Show, from the entries below, every line in which "Street" appears.

→ THE INPUT
- Opening Delimiter -
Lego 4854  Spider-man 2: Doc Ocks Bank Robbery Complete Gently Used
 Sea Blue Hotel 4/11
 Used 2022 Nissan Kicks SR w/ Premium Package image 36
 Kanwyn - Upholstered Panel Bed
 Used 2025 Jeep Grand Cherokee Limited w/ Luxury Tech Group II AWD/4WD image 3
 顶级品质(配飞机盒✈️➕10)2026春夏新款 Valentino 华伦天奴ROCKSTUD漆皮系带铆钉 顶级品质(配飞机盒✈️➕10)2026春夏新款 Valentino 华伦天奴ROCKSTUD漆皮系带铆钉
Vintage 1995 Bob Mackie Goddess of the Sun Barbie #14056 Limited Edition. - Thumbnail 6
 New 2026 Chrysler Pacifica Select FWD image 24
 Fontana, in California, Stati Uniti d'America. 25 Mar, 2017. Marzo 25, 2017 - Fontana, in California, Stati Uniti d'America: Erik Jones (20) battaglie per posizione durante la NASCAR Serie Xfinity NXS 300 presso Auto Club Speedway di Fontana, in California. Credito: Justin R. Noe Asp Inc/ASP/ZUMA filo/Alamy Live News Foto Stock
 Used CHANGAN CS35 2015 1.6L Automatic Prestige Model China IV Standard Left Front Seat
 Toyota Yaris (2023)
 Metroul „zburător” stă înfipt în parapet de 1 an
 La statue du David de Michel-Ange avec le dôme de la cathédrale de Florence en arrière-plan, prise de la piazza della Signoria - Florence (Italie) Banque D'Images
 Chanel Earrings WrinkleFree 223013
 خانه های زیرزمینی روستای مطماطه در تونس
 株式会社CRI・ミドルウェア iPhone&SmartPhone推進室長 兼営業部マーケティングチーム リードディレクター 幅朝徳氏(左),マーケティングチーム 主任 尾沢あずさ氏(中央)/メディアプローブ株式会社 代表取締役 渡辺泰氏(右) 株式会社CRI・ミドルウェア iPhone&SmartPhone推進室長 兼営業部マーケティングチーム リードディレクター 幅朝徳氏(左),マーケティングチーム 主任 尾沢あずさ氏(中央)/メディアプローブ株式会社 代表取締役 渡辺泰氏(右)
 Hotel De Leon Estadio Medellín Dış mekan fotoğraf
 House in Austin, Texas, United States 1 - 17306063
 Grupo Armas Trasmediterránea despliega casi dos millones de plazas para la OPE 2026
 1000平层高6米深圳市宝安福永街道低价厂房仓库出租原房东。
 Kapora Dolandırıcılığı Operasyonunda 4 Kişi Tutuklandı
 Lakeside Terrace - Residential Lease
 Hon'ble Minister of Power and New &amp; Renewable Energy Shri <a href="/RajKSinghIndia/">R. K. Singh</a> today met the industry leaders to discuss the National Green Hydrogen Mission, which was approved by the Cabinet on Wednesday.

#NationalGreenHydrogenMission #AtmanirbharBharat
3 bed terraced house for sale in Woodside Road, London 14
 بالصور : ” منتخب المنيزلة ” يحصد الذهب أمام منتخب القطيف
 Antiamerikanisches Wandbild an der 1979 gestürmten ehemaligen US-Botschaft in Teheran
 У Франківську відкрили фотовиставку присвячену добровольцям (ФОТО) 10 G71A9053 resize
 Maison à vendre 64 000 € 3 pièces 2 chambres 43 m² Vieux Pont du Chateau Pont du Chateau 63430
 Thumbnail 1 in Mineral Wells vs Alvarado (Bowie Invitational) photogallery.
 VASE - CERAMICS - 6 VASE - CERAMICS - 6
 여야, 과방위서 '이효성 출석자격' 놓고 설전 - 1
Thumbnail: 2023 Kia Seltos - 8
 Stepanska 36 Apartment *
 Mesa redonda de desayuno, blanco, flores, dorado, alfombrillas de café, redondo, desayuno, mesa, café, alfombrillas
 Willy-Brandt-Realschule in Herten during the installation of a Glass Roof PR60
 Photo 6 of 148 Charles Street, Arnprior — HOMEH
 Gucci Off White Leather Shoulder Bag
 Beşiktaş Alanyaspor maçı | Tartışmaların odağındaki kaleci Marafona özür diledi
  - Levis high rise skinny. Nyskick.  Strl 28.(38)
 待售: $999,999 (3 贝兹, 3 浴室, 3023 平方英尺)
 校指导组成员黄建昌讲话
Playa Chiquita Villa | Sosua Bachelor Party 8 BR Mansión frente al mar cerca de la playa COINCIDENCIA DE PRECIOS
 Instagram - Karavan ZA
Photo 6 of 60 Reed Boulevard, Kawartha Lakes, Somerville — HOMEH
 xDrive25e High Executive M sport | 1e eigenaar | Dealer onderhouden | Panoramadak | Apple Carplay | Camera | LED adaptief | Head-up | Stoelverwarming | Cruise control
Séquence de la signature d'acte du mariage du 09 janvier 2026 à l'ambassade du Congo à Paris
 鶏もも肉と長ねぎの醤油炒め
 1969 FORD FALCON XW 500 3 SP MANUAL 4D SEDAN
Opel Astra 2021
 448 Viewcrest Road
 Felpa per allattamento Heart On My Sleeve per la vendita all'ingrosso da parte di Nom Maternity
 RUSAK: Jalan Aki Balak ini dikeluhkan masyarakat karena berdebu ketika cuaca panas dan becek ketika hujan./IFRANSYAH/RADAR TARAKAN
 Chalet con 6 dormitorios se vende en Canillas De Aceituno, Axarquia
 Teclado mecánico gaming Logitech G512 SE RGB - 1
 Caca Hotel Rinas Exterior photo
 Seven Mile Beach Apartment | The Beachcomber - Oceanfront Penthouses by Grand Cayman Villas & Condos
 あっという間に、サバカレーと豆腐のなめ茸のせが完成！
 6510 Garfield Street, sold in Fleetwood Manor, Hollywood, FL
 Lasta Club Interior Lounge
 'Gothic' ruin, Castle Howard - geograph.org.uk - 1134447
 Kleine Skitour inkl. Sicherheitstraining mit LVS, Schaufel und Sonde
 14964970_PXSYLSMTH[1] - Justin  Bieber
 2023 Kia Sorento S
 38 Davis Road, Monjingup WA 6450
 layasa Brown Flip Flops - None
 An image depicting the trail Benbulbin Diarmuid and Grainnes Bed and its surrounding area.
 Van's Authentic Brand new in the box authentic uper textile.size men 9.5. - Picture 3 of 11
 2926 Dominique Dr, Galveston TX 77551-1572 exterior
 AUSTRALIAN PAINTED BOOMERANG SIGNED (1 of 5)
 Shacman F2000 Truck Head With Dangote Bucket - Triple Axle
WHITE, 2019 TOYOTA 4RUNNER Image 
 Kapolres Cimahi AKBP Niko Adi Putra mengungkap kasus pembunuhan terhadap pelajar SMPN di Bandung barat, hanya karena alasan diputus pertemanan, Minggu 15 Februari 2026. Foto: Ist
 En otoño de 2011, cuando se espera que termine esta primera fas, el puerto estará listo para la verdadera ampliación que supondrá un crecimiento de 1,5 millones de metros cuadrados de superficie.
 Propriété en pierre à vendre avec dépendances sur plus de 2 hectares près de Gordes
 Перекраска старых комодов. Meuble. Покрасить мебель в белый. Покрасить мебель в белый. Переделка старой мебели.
- Closing Delimiter -
→ EXERCISE RESPONSE
 Photo 6 of 148 Charles Street, Arnprior — HOMEH
 6510 Garfield Street, sold in Fleetwood Manor, Hollywood, FL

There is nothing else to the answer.